Sunday, June 7, 2015

"Committed"

I was reading some feminist writing which spoke of being "committed" to feminism.  It said that if you are committed to feminism, then you will believe and behave in a certain way.  And if you don't believe and behave in a certain way, then you aren't committed.  (And that would be bad.)

I may speak sometimes of being "committed" to feminism or atheism, but that is merely a description of how strong my opinions are.  I do not believe in literally committing to a worldview.

Framing commitment as a good thing is much like framing doubt as a bad thing.  It's an obvious overgeneralization.  How can it be good to be committed to X, regardless of what X is?  How can it be bad to doubt Y, regardless of what Y is?  Presumably if you doubt something, you think that thing is wrong and therefore it is good to doubt it.  Presumably if you are not committed to something, you think that thing is wrong and therefore it is bad be committed to it.  Doubt and commitment are both neutral.

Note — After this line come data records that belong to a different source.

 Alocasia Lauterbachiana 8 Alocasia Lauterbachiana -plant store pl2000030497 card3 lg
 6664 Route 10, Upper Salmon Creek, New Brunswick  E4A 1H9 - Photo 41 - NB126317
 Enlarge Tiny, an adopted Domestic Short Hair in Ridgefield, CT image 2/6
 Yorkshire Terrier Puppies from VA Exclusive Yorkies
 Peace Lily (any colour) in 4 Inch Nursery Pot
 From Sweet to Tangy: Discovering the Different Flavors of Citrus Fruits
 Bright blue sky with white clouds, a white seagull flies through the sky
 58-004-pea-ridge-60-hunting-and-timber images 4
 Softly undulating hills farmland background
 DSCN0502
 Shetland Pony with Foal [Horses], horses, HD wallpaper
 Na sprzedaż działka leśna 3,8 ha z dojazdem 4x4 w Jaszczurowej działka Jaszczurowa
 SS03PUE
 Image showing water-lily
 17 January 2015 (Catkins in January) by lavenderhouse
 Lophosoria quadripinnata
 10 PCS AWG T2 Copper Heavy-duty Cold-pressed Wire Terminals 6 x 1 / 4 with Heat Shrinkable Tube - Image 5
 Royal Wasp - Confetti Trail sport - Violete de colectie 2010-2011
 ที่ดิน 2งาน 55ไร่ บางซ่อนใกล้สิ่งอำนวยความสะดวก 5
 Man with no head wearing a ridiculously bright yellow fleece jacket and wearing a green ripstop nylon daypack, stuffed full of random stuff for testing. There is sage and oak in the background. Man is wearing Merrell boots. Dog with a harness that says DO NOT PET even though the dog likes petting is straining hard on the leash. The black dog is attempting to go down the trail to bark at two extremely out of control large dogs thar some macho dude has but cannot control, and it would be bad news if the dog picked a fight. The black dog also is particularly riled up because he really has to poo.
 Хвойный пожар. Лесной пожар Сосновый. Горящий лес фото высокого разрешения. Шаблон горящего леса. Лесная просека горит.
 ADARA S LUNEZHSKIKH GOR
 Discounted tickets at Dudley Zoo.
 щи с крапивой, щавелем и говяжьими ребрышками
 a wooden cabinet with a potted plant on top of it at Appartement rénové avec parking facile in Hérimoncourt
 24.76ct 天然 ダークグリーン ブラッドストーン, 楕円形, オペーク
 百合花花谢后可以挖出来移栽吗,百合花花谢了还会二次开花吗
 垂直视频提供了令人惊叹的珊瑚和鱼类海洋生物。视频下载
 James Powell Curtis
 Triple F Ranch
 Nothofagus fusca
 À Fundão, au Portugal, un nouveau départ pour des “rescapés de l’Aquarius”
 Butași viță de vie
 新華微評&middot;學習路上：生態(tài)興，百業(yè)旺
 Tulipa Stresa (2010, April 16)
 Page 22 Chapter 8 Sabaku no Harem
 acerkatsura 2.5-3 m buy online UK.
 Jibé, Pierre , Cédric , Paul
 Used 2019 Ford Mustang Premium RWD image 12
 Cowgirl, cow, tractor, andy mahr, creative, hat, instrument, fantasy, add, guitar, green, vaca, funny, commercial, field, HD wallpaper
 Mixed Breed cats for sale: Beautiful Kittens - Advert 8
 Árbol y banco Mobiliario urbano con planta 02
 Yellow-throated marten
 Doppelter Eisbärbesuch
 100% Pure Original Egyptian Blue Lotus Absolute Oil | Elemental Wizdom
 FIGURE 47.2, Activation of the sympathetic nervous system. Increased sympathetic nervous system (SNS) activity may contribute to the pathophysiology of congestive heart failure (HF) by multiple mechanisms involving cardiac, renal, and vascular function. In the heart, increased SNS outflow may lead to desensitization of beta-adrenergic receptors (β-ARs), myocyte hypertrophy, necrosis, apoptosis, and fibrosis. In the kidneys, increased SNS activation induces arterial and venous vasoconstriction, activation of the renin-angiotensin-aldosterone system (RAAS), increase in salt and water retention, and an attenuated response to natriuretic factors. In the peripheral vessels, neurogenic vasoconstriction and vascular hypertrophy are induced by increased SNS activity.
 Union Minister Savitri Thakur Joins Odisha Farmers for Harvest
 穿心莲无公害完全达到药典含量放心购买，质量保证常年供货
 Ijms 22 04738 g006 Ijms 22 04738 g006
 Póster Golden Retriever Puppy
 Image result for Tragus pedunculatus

I have a lot of very feminist views, but I do not think they are correct because they are feminist.  When we examine an issue, yes, all relevant feminist insights should be brought to bear, but I do not ask myself, "What Would a Feminist Do?"  If my view on a subject disagrees with feminist "tenets", then so much the worse for those tenets.  I would say the same about all my beliefs, no matter how strongly they are held.